* [AIM OF THE EXERCISE]
Produce a word-for-word copy of the data that follows, excluding images.

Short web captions
# # # #
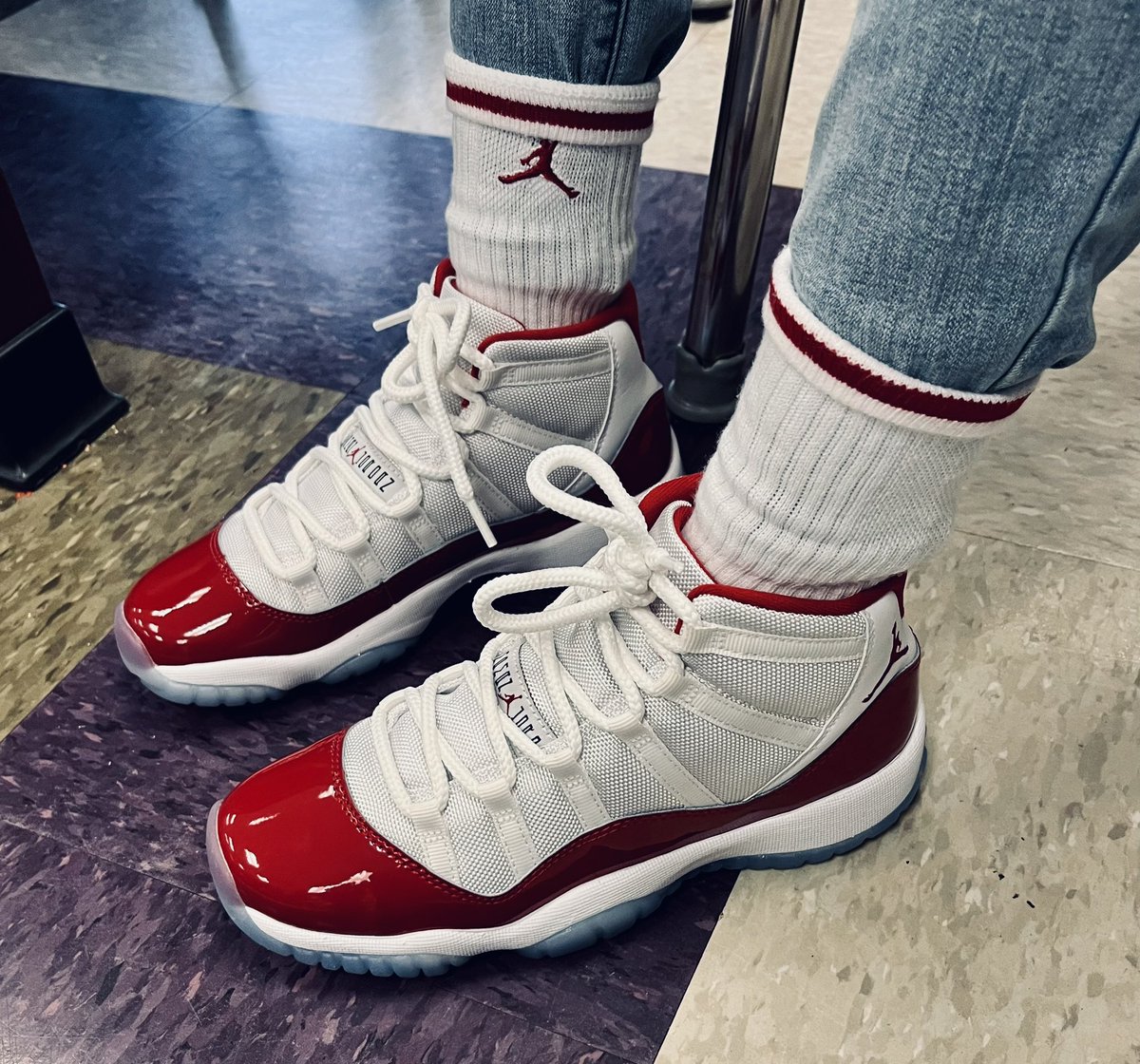 WrightMerrie's tweet photo. Christmas was good to the middle schoolers.👟😁#newgear #nocreases https://t.co/zFZsyv4Ew8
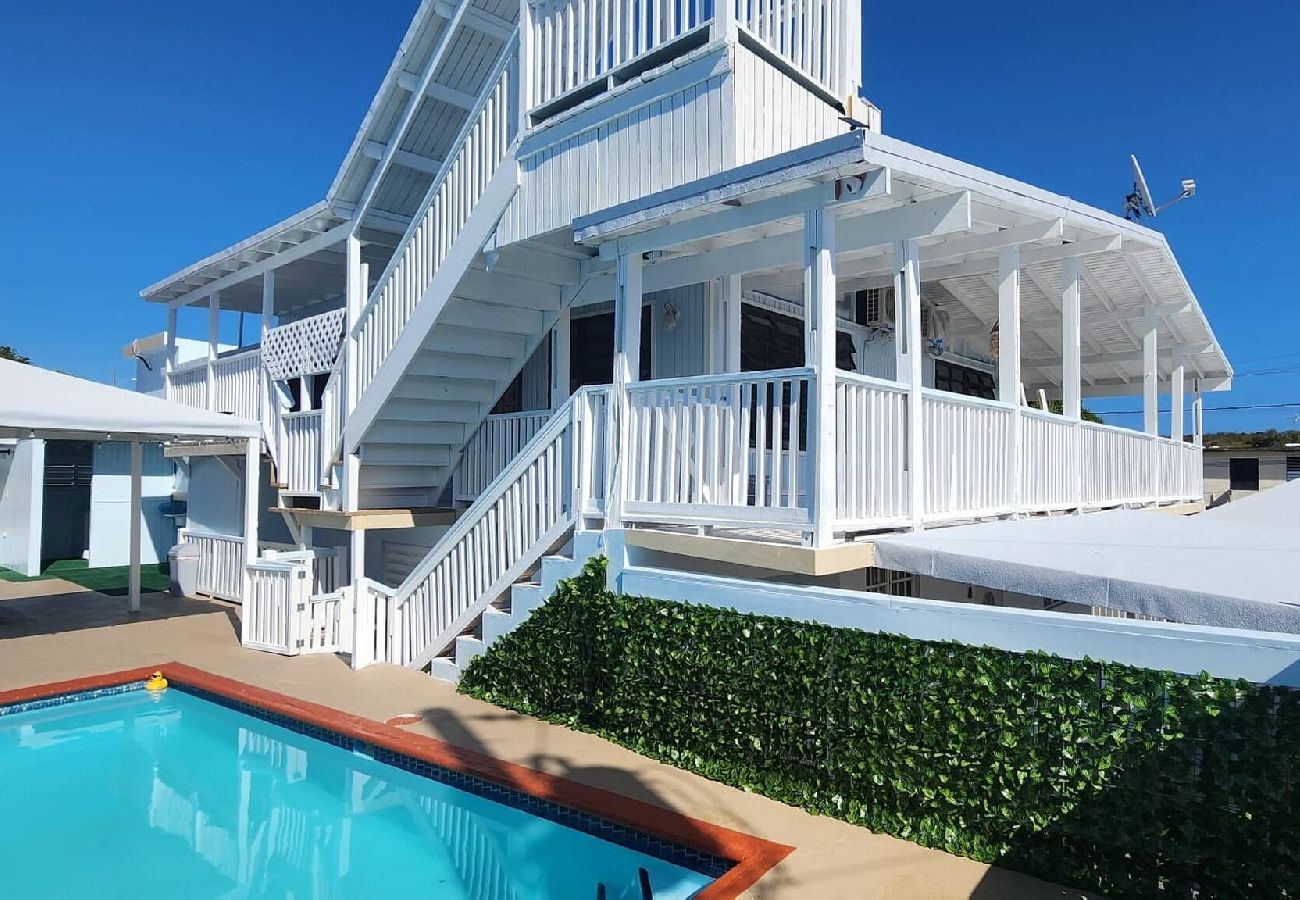 Apartment in  - Camina a la Playa | Piscinas | Billar | Apto. D 
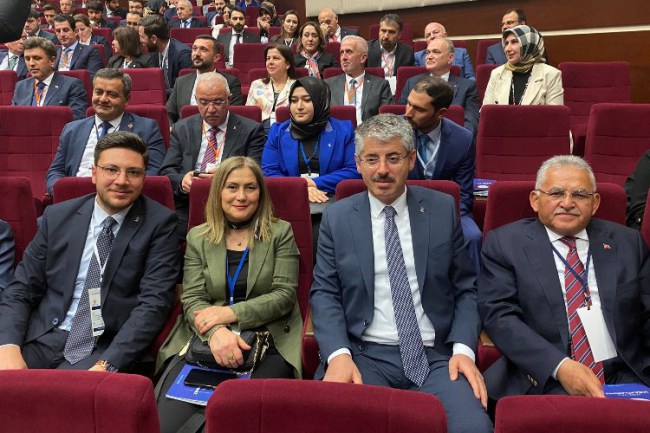 Kayseri Büyükşehir Belediye Başkanı Büyükkılıç, Ankara'da AK Parti Genişletilmiş İl Başkanları Toplantısı'na  katıldı 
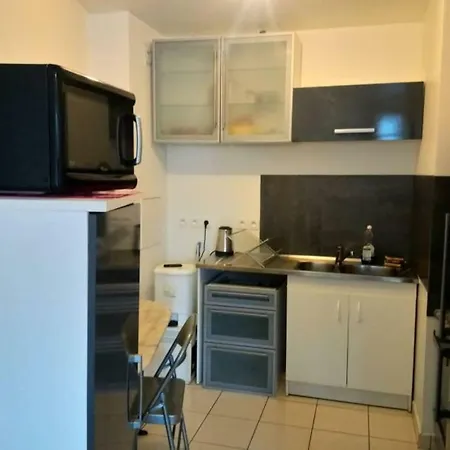 Apartment Gare Rer A 1 A 3 Au Choix *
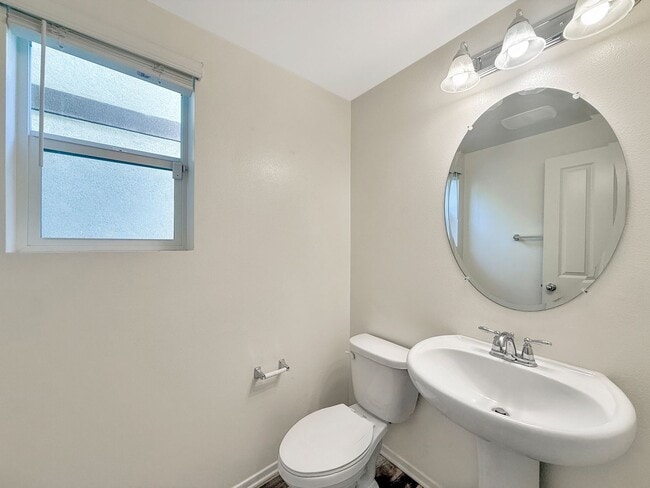 Building Photo - Stunning 3B/2.5BA Home in Murrieta for Rent!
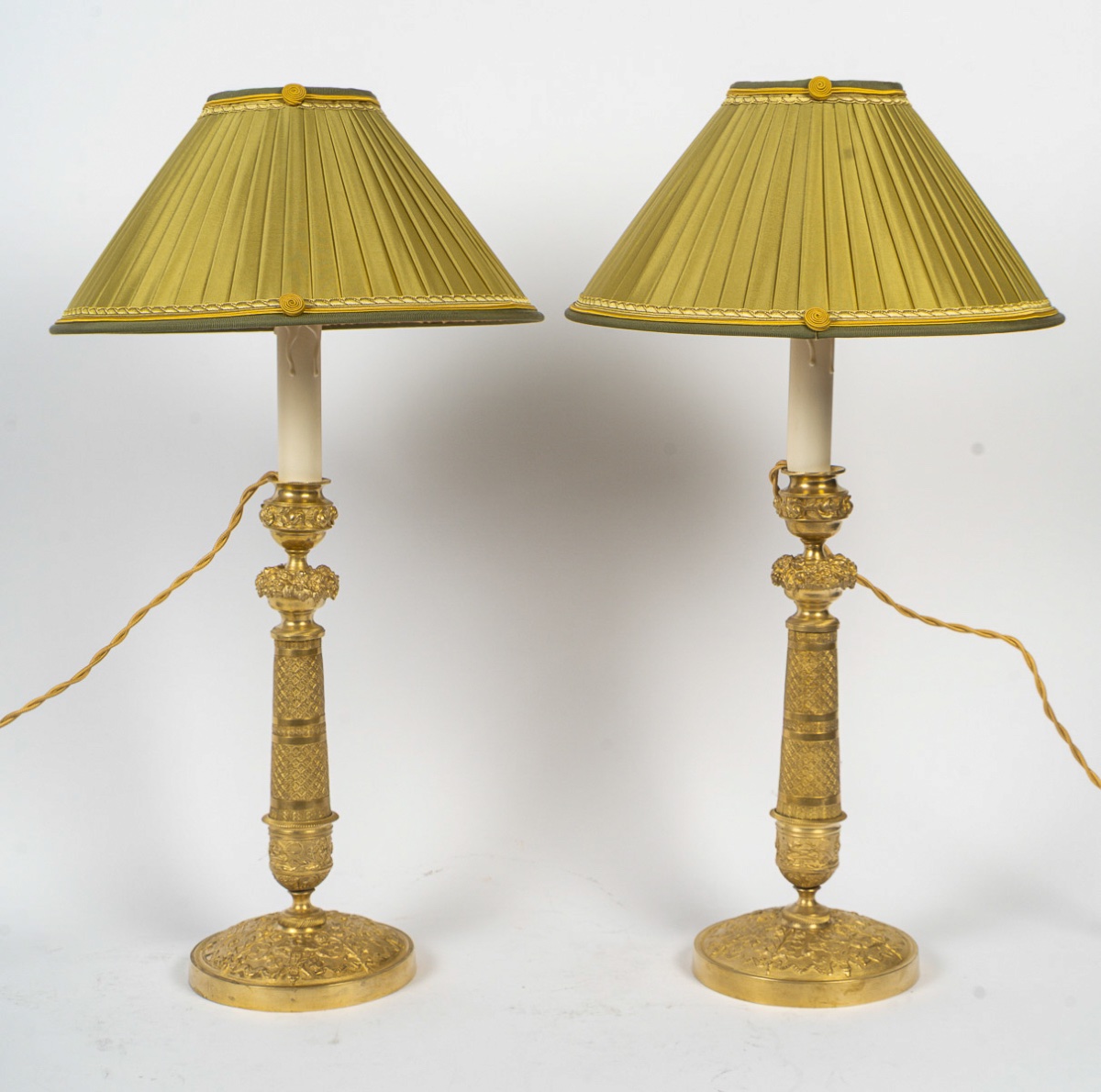 Paire de Flambeaux d’Époque Restauration en Bronze Finement Ciselé et Doré Montés en Lampes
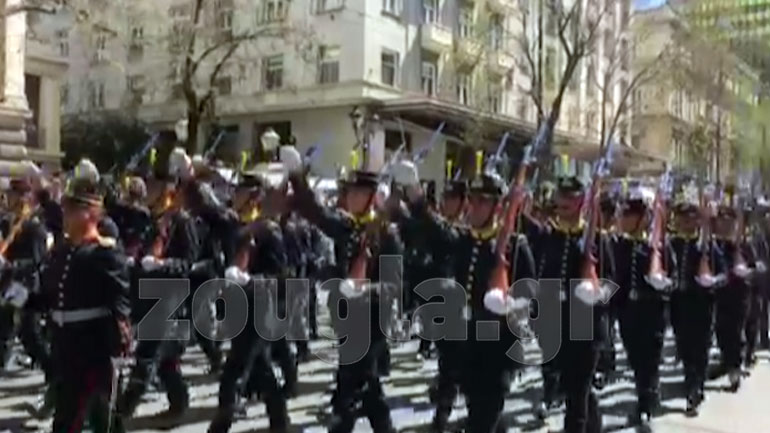 Ευέλπιδες τραγούδησαν το «Μακεδονία Ξακουστή» κατά τη διάρκεια της στρατιωτικής παρέλασης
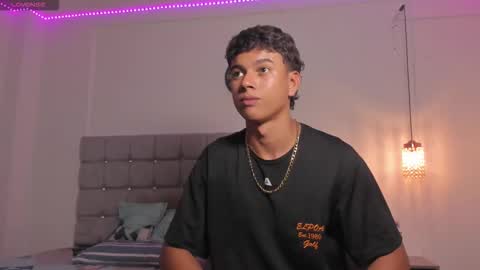 Snapshot of santy_stump chatting on November 2025 09:28:01 PM santy_stump online show from November 2025 09:28:01 PM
# # # #
* [RESPONSE BOX]
 WrightMerrie's tweet photo. Christmas was good to the middle schoolers.👟😁#newgear #nocreases https://t.co/zFZsyv4Ew8
 Apartment in  - Camina a la Playa | Piscinas | Billar | Apto. D 
 Kayseri Büyükşehir Belediye Başkanı Büyükkılıç, Ankara'da AK Parti Genişletilmiş İl Başkanları Toplantısı'na  katıldı 
 Apartment Gare Rer A 1 A 3 Au Choix *
 Building Photo - Stunning 3B/2.5BA Home in Murrieta for Rent!
 Paire de Flambeaux d’Époque Restauration en Bronze Finement Ciselé et Doré Montés en Lampes
 Ευέλπιδες τραγούδησαν το «Μακεδονία Ξακουστή» κατά τη διάρκεια της στρατιωτικής παρέλασης
 Snapshot of santy_stump chatting on November 2025 09:28:01 PM santy_stump online show from November 2025 09:28:01 PM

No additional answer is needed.